(Beginning of DATA TO EXAMINE)
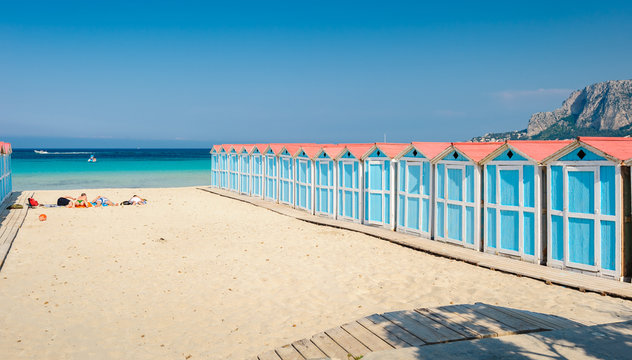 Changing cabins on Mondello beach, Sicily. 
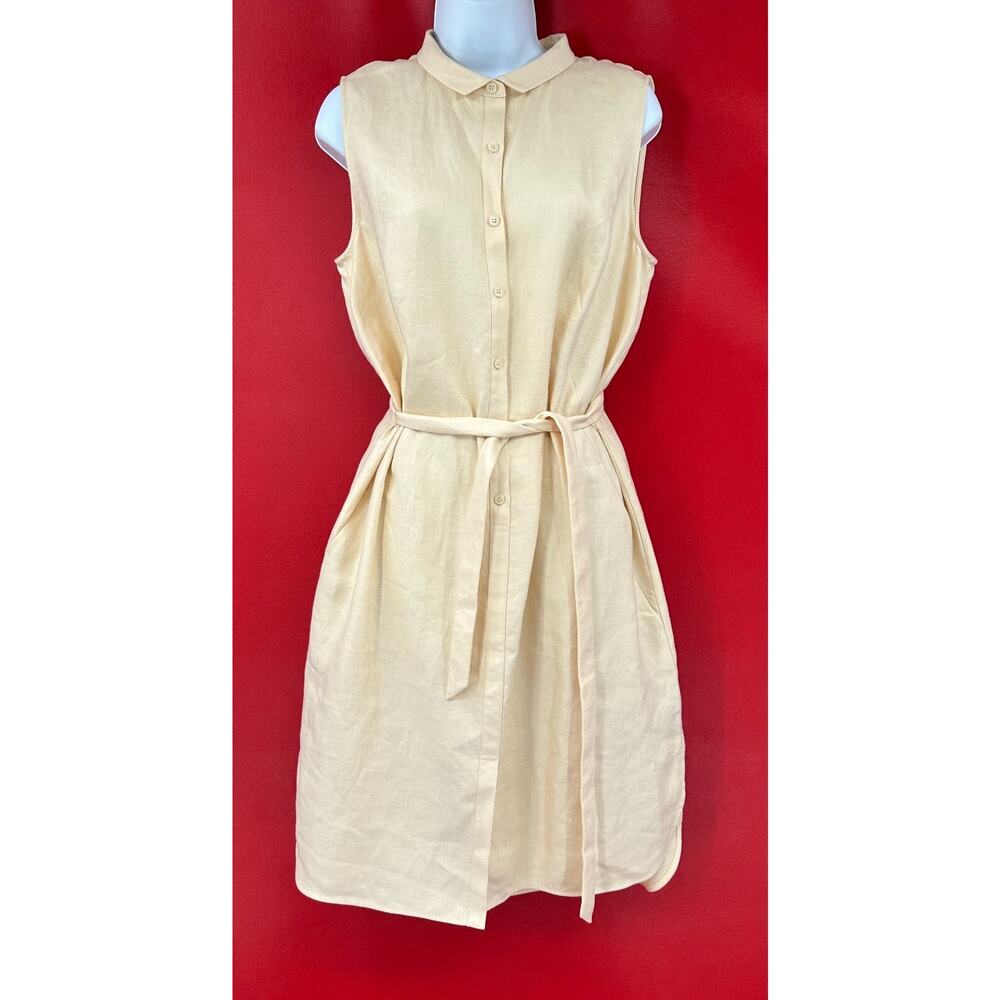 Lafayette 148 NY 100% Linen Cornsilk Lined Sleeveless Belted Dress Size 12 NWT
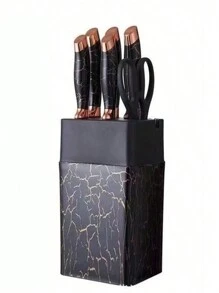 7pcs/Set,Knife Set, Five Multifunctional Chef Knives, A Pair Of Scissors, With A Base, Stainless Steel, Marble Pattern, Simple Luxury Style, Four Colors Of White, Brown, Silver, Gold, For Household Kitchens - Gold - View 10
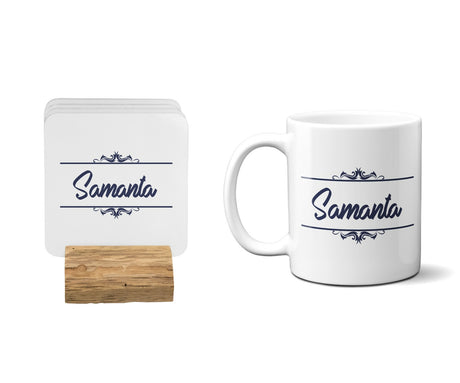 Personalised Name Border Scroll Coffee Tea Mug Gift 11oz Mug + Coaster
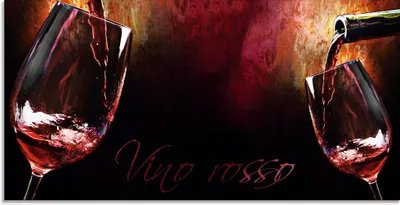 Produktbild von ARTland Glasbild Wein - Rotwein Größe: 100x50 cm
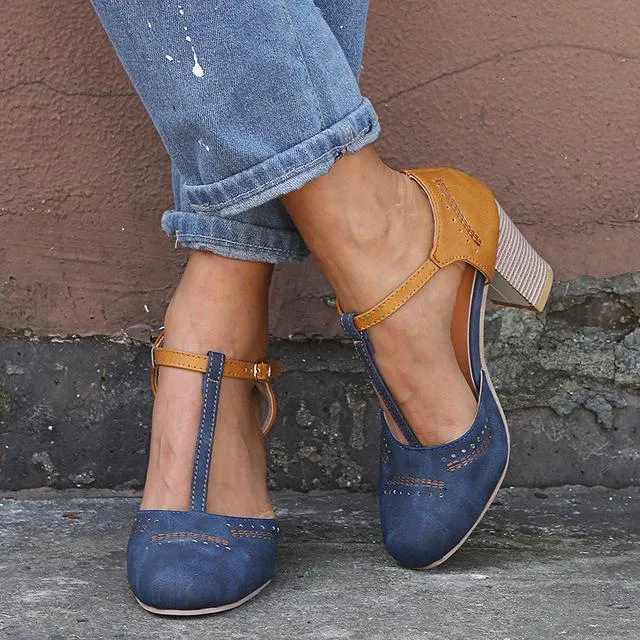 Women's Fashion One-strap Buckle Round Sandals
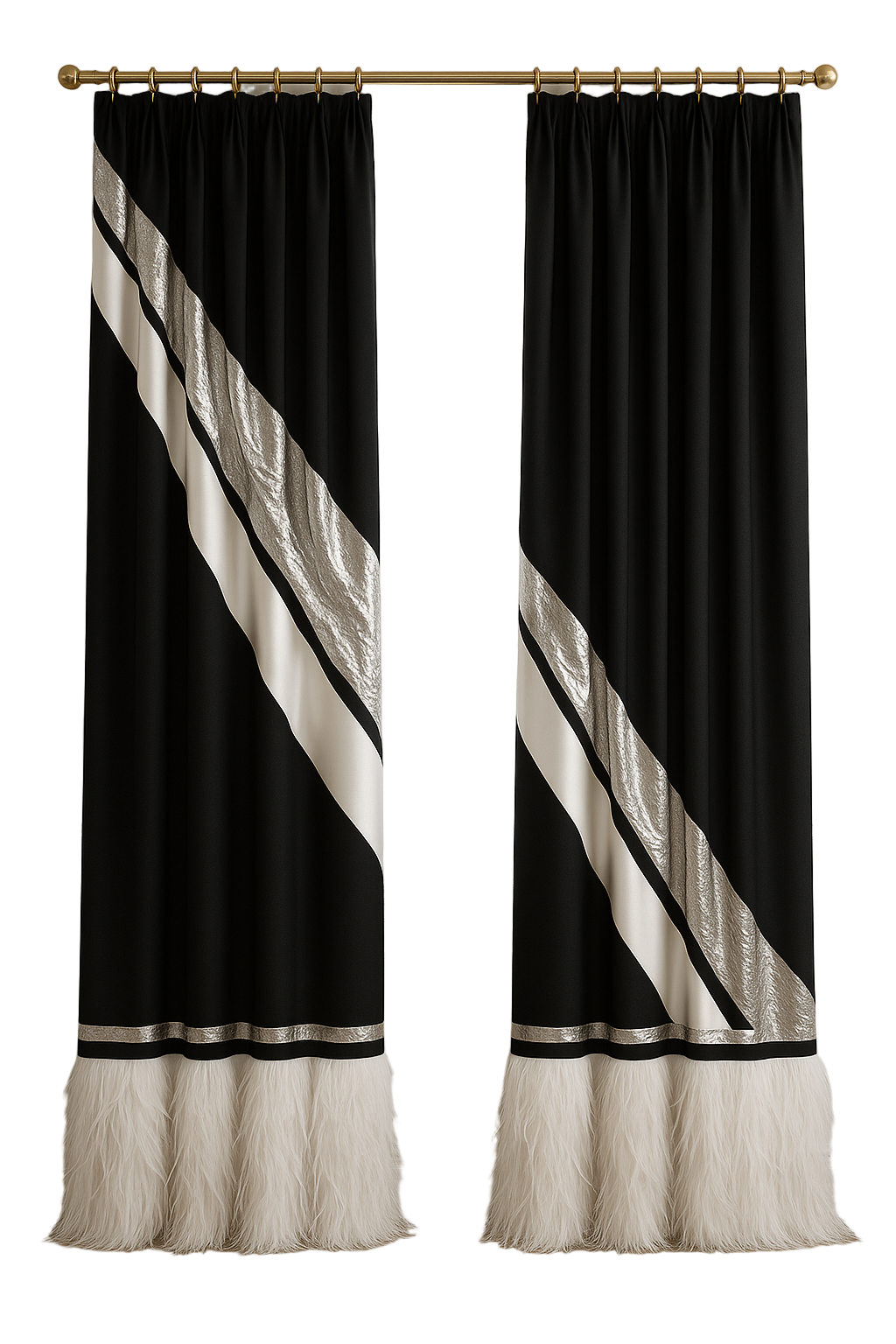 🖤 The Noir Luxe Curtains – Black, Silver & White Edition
(End of DATA TO EXAMINE)
• **TASK DESCRIPTION**:
Go from the first line of the listing to the line holding "7pcs/Set,Knife Set, Five" and, please, transcribe those lines exactly, both included, with no pictures.

• **SOLUTION BELOW**:
 Changing cabins on Mondello beach, Sicily. 
 Lafayette 148 NY 100% Linen Cornsilk Lined Sleeveless Belted Dress Size 12 NWT
 7pcs/Set,Knife Set, Five Multifunctional Chef Knives, A Pair Of Scissors, With A Base, Stainless Steel, Marble Pattern, Simple Luxury Style, Four Colors Of White, Brown, Silver, Gold, For Household Kitchens - Gold - View 10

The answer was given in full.